**Exercise**
Return each record word for word and omit the pictures.

───── Records ─────

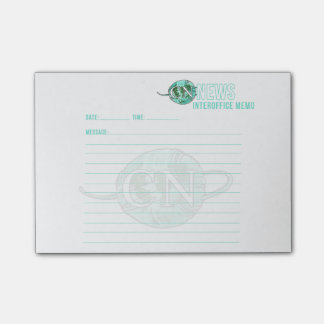 Post-it® Mémo de CN News Interoffice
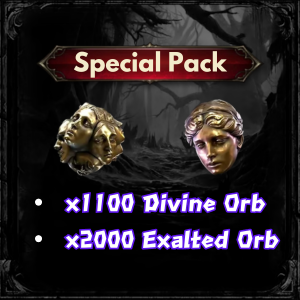 Special Pack : x1100 Divine Orb + x2000 Exalted Orb | Fast Delivery!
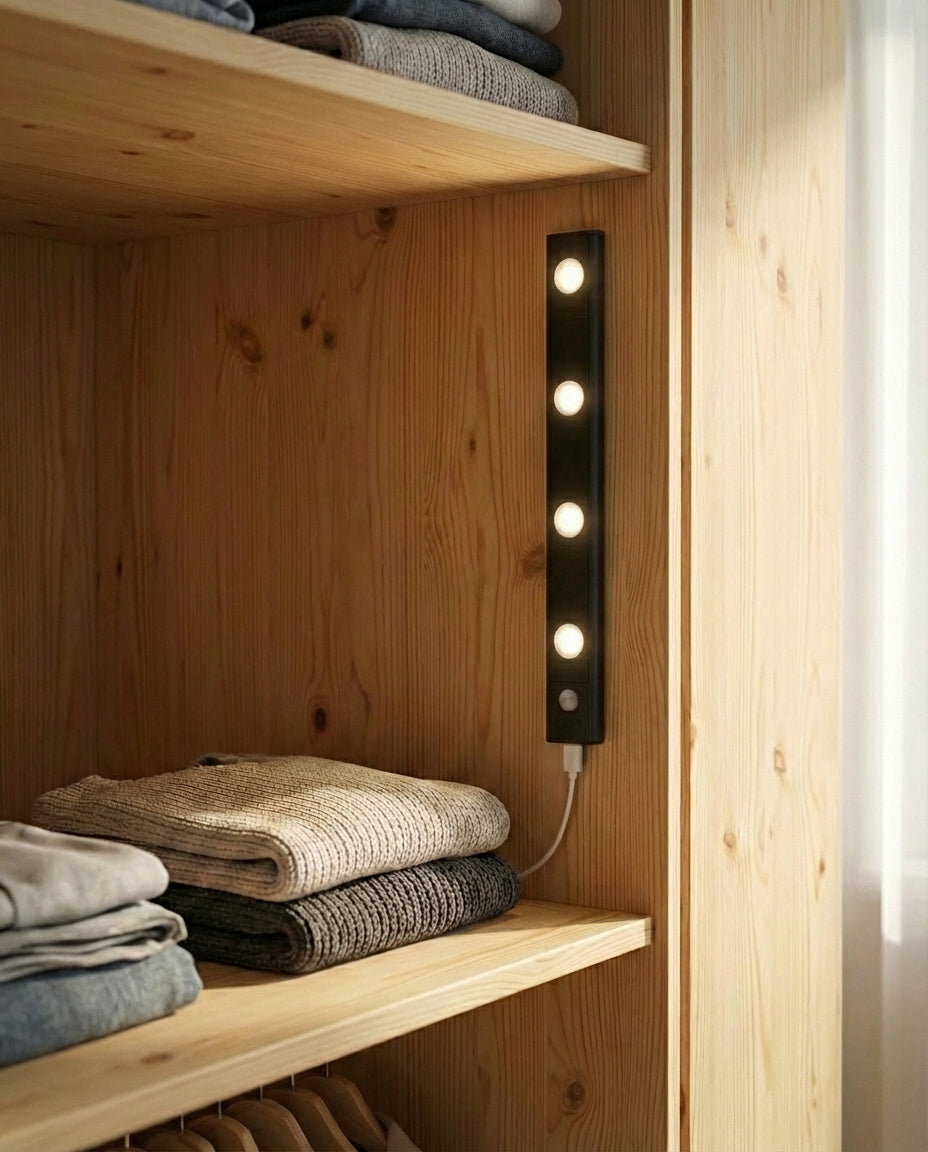 Trådløs LED-liste med bevægelsessensor | LumiStrip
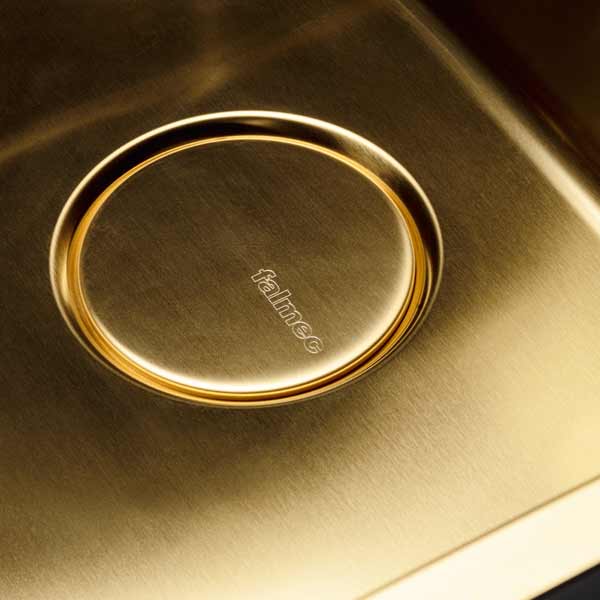 Falmec Spülen Como 50 PVD 
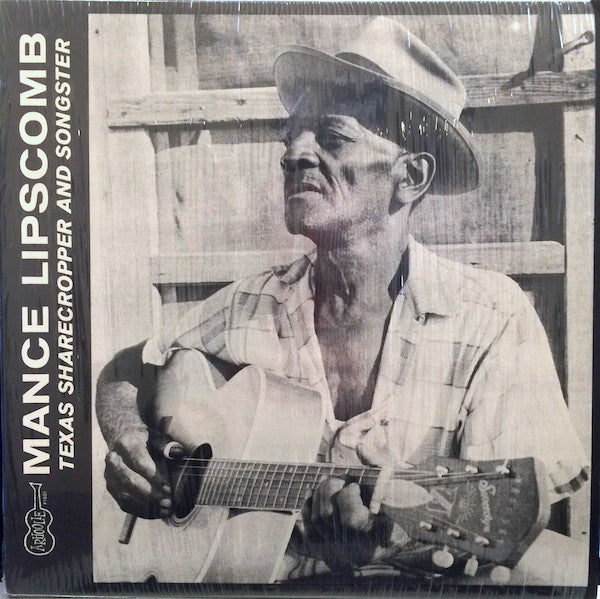 Mance Lipscomb – Texas Sharecropper And Songster LP vinyl record, image 2 of 10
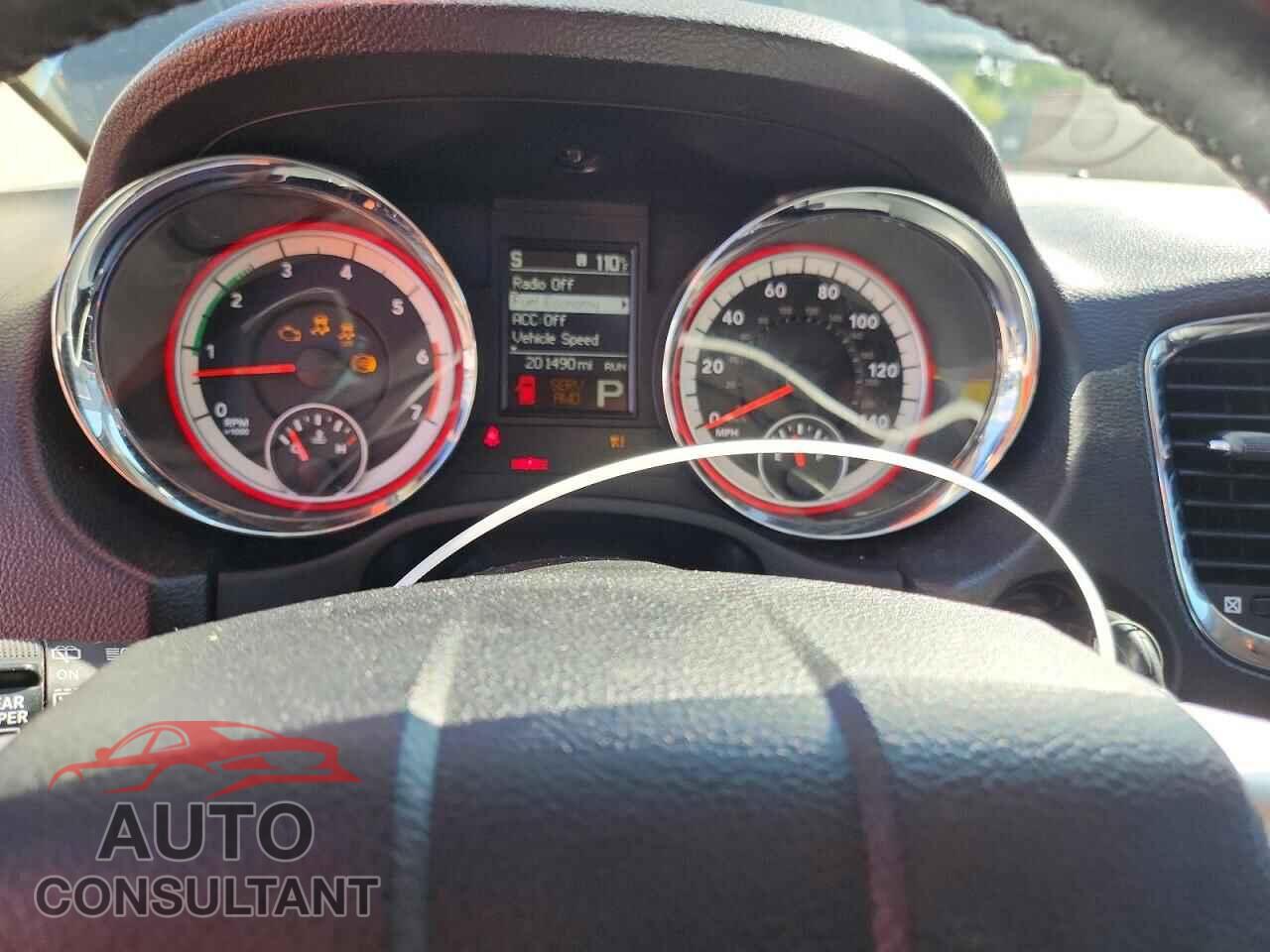 DODGE DURANGO 2013 - 1C4SDJCT6DC561784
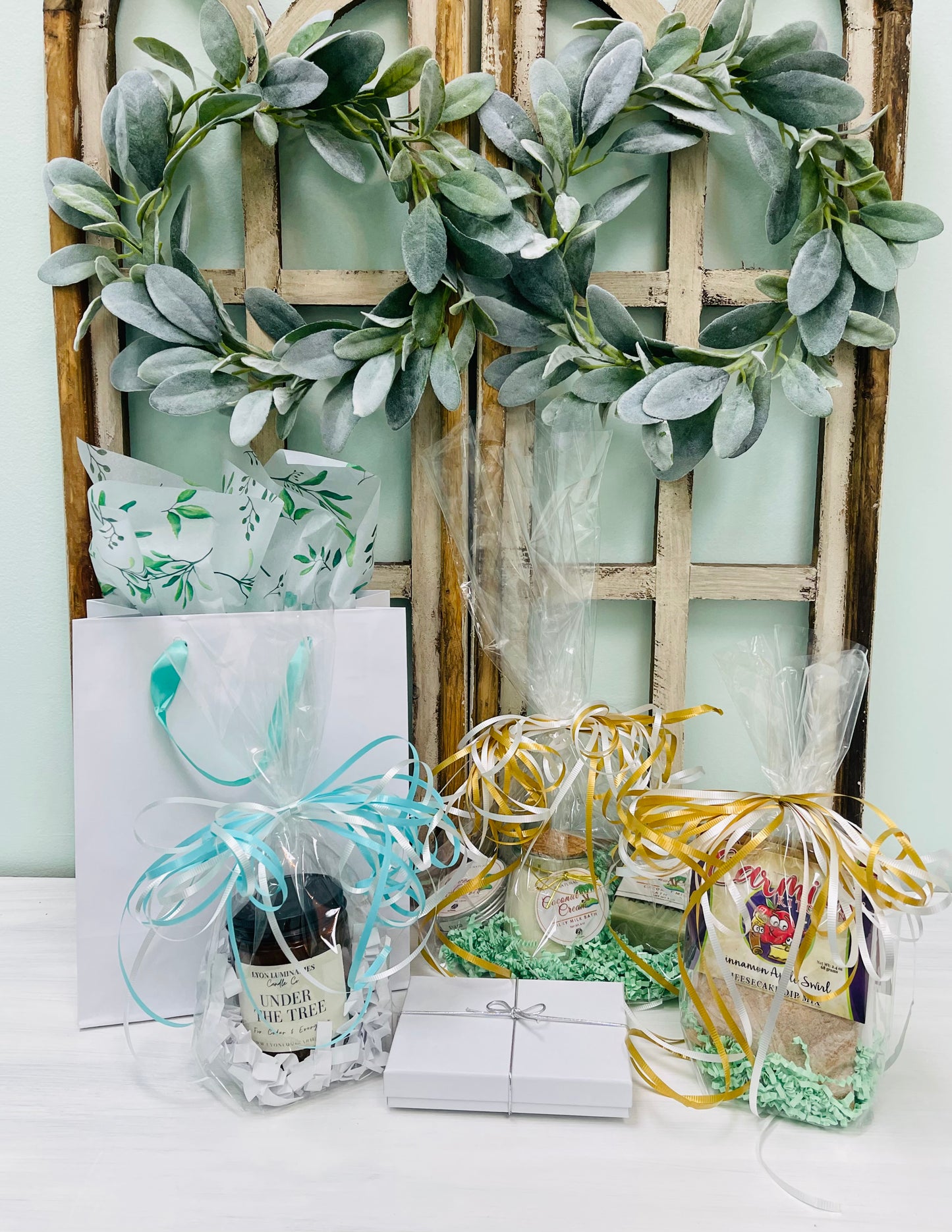 Gift Wrap - Allow time to get ready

─────

**Output of the exercise**
 Post-it® Mémo de CN News Interoffice
 Special Pack : x1100 Divine Orb + x2000 Exalted Orb | Fast Delivery!
 Trådløs LED-liste med bevægelsessensor | LumiStrip
 Falmec Spülen Como 50 PVD 
 Mance Lipscomb – Texas Sharecropper And Songster LP vinyl record, image 2 of 10
 DODGE DURANGO 2013 - 1C4SDJCT6DC561784
 Gift Wrap - Allow time to get ready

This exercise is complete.